Sagan was born in Budapest but grew up in South Africa. After returning to Vienna to attend Max Reinhardt's Theatre School in Vienna, she acted on Austrian provincial stages, and moved on to major roles in Dresden, Frankfurt and Berlin, where she also directed theatre, first in Germany and, after she had to flee Hitler, in Britain, South Africa, and Australia. She co-founded the National Theatre Organisation of South Africa in 1947, and died in Pretoria, South Africa in 1974, at the age of 85.

==Personal life==
Born in Budapest in 1889, Sagan spent her early childhood in Vienna at a time when these cities were the twin centers of the Austro-Hungarian Empire. Her father Isidore Schlesinger was largely absent, as he travelled to seek fortune in the South African diamond fields. Leontine and her siblings were raised by a mother who worked, a rarity among educated Europeans at that time, and she credits her mother with inspiring her likewise to seek a career. In 1899, as a child, she and her family moved to South Africa to join her father, just before the Second Boer War, when they settled in Doornfontein, at the time a fashionable district in Johannesburg. She was educated in the German School and later worked for the Austrian consulate in Johannesburg.

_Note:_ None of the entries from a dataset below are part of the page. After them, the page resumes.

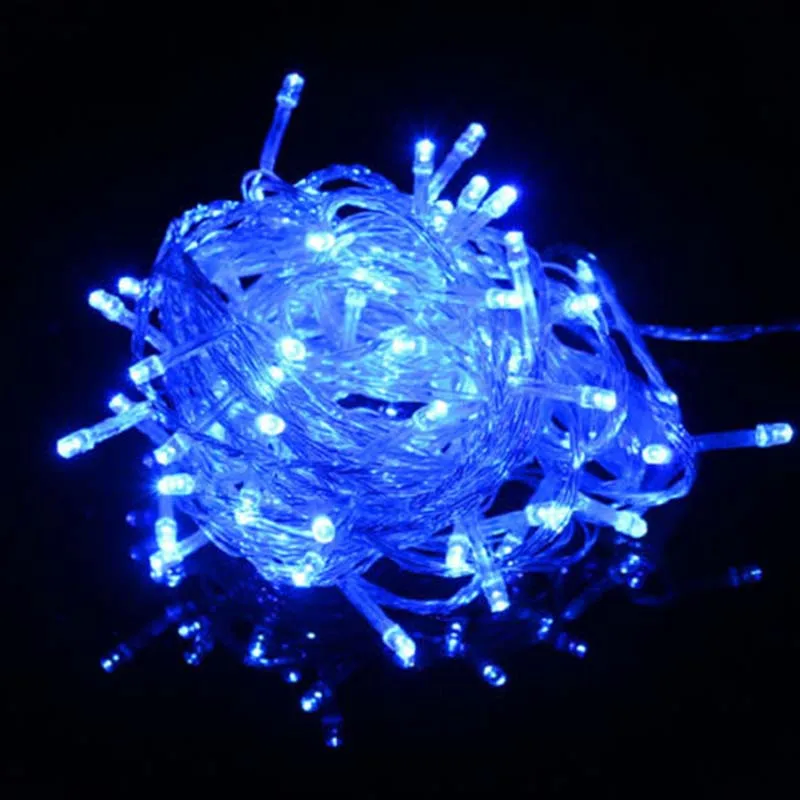 Blue 10 м Красочный светодиодный свет для вечерние гирлянды, водонепроницаемая гирлянда 100, Рождественские огни 110 В/220 В, рождественские украшения для дома - Цвет: Blue
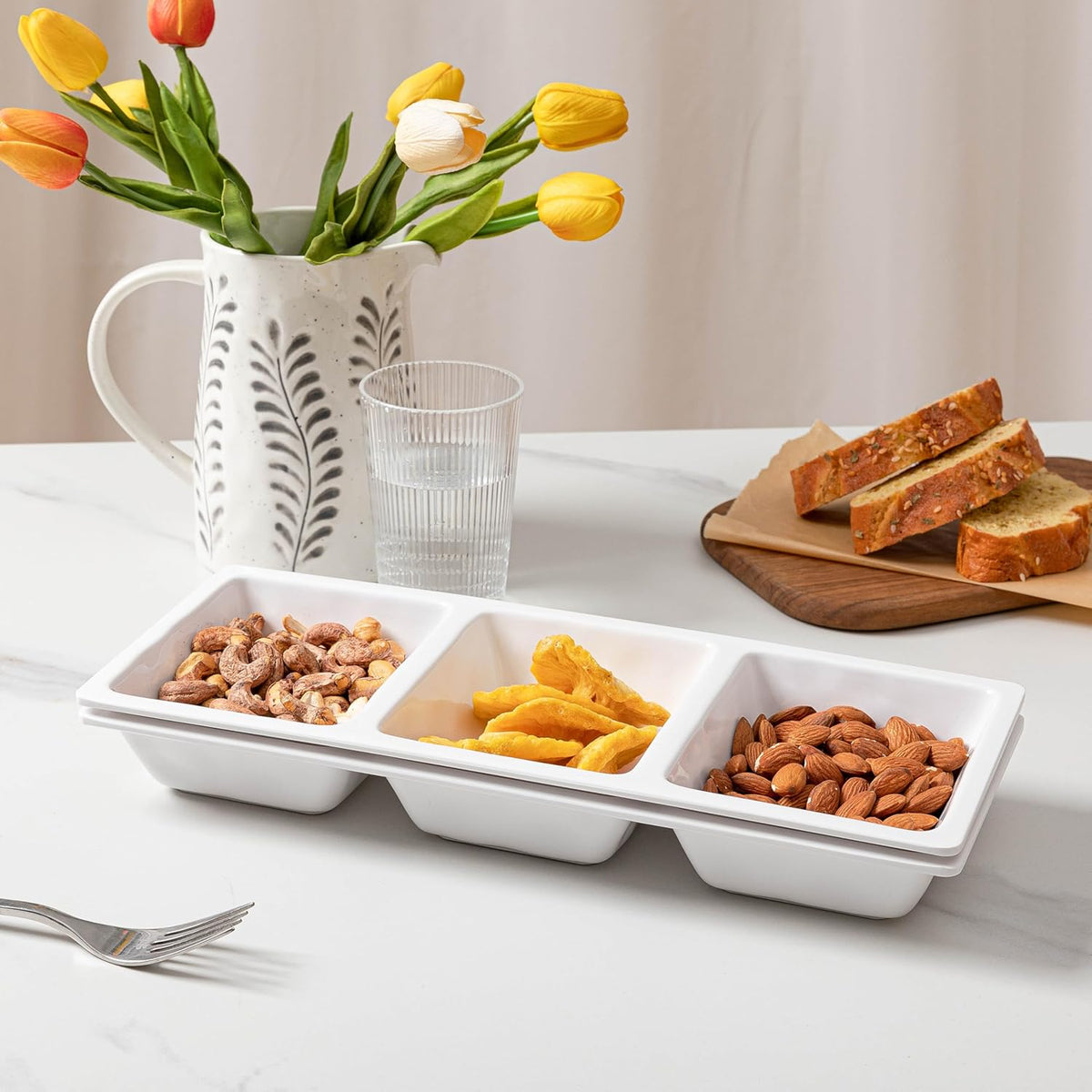 Divided Serving Tray, 14.75”x 6” Reusable 3-Section Party Platters, Condiment Serving Dishes for Entertaining, Ideal for Snacks, Appetizers, Fruit, Candy, Chip & Dip Set,White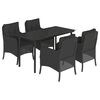vidaXL Set da Pranzo da Giardino 5 pz Nero con Cuscini in Polyrattan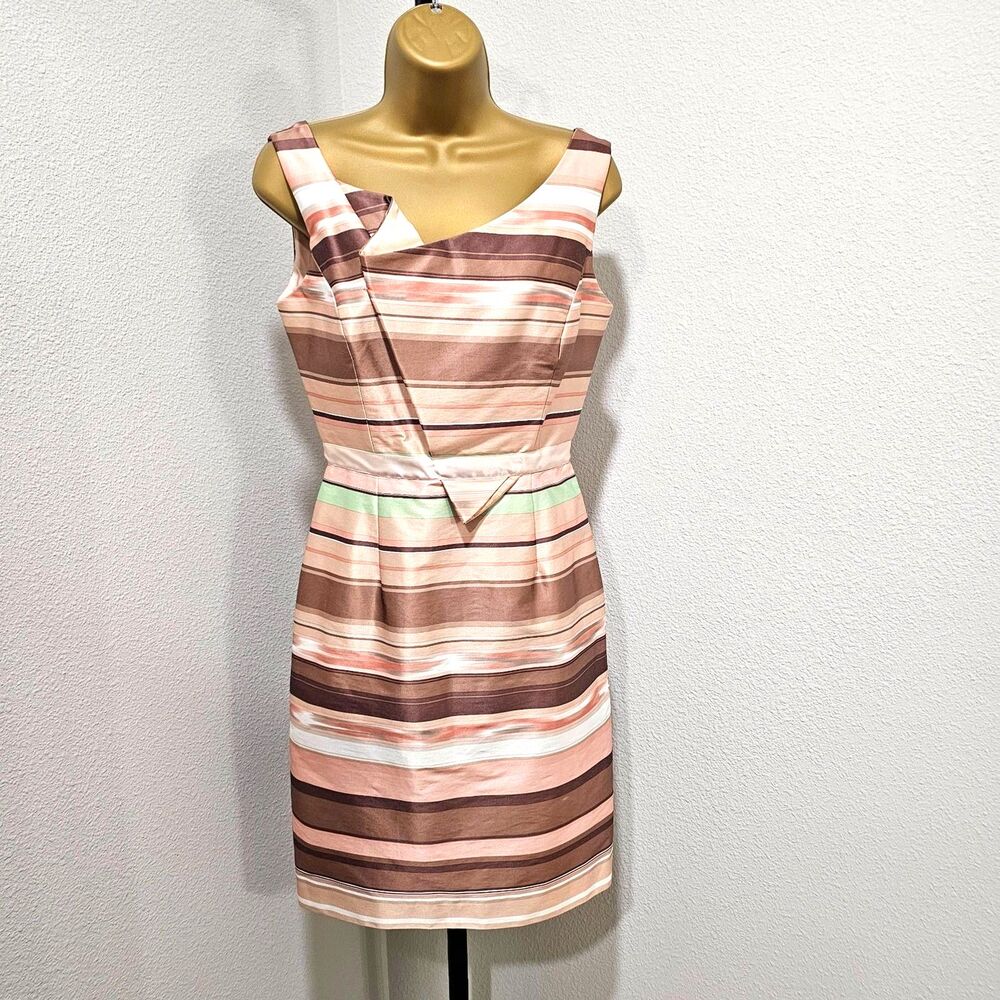 Melani Cocktail Dress Oversized Small Pink Brown Satin Stripe Art To Wear Guest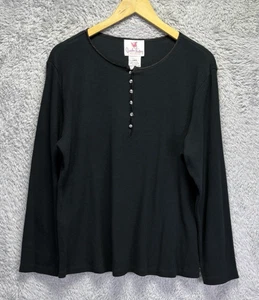 Quacker Factory groß schwarz Waffelstoff Henley Langarm verziert Neu mit Etikett - Bild 1 von 10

After returning to Vienna to study with the famous director Max Reinhardt, Leontine adopted the stage name Sagan and acted on stage first in Austrian provincial theatres and then in the 1910s and 1920s in Vienna, Frankfurt and Berlin. In 1916, she married Austrian art publisher and writer Dr. Victor Fleischer. Fleeing Germany after Hitler came to power in 1933, the pair moved to Britain, and later, in 1939, to South Africa, where they spent the years of World War II (1939-1945). After the war, Sagan directed theatre abroad in Britain and Australia, but remained domiciled in South Africa, where she founded the National Theatre Organisation and also taught theatre practice to black as well as white students.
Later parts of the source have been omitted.